(Captioned web images)
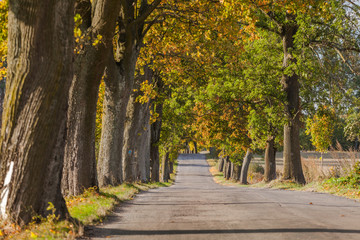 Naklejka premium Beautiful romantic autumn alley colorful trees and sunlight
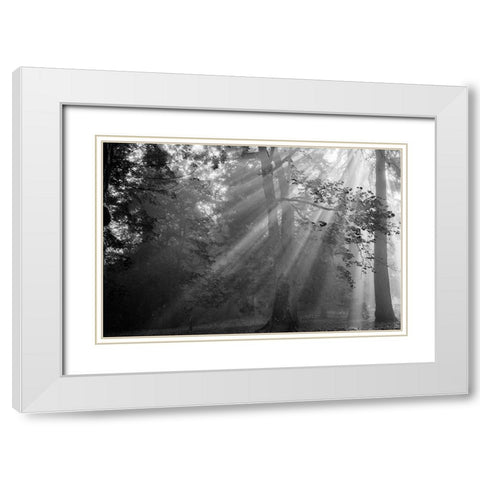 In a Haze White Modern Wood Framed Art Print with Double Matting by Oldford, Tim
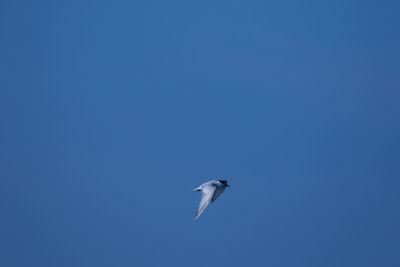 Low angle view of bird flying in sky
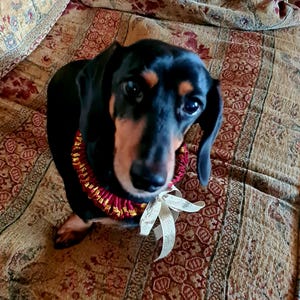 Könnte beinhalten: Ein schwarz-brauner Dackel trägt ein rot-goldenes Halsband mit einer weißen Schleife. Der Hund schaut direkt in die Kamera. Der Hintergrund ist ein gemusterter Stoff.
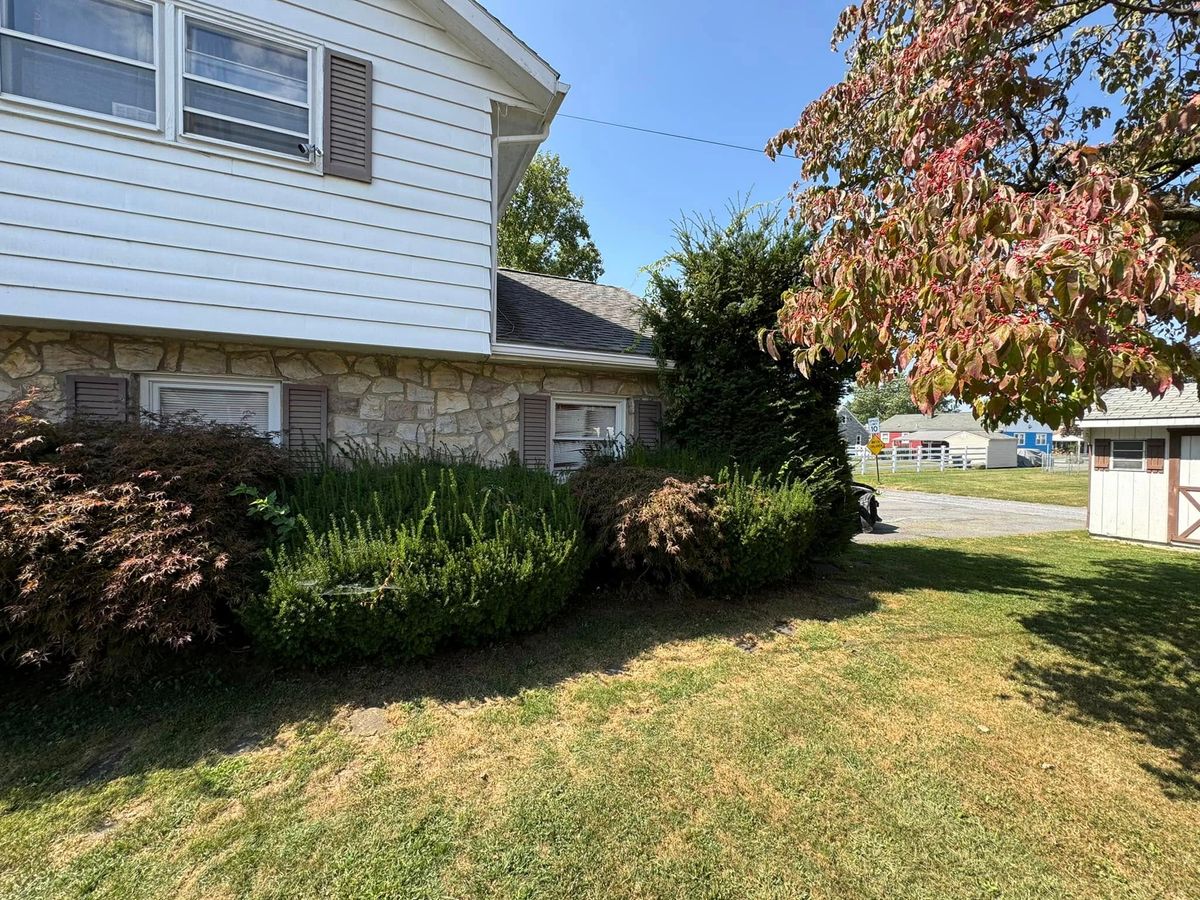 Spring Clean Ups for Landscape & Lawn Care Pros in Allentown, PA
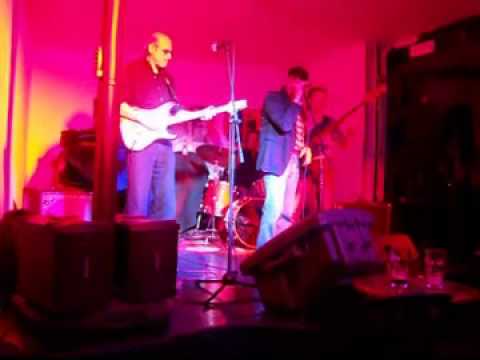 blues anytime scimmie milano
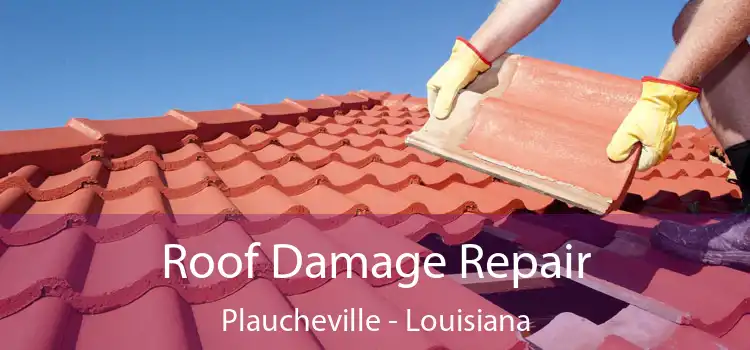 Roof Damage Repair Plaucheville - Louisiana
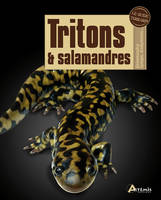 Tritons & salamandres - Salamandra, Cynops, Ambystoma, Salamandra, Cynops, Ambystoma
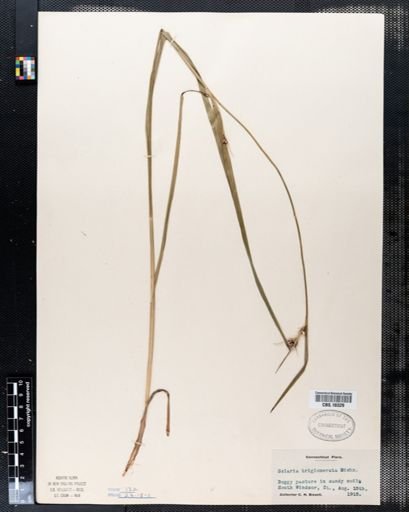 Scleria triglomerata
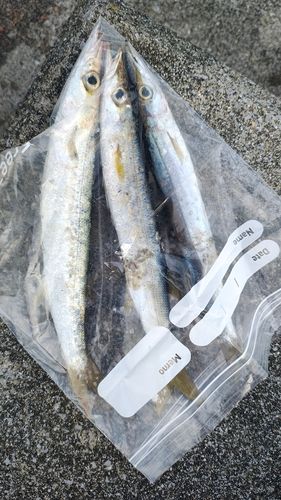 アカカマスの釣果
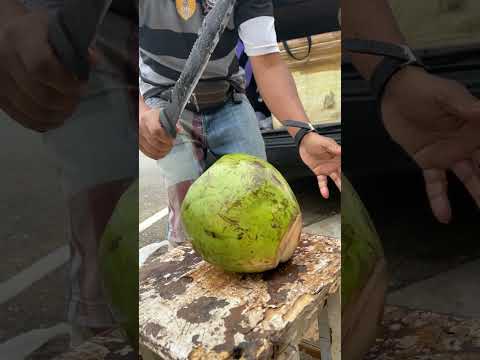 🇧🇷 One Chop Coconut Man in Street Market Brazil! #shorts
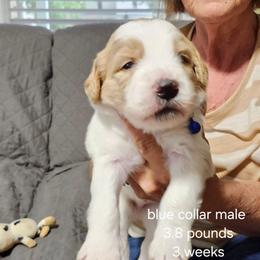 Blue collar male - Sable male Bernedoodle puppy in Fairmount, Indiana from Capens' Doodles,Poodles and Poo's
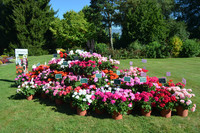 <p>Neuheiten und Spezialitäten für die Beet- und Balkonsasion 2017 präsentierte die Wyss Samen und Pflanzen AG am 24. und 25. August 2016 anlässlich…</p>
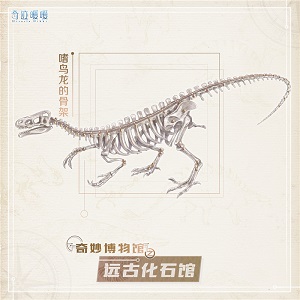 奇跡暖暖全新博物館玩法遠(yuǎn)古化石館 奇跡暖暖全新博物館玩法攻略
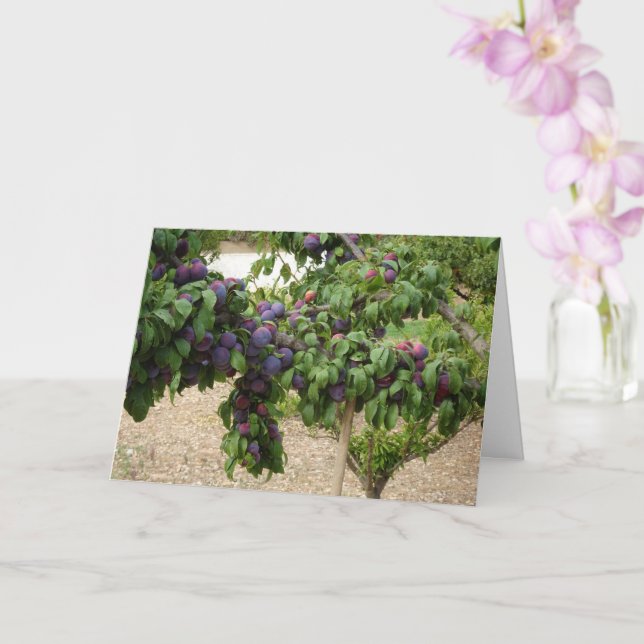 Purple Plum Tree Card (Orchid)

→ **What is expected**
Pictures stay out of this copy. Retype exactly the lines from the one with "<p>Neuheiten und Spezialitäten" through the last line of the data, both ends included, and nothing more.

→ **Finished exercise**
 <p>Neuheiten und Spezialitäten für die Beet- und Balkonsasion 2017 präsentierte die Wyss Samen und Pflanzen AG am 24. und 25. August 2016 anlässlich…</p>
 奇跡暖暖全新博物館玩法遠(yuǎn)古化石館 奇跡暖暖全新博物館玩法攻略
 Purple Plum Tree Card (Orchid)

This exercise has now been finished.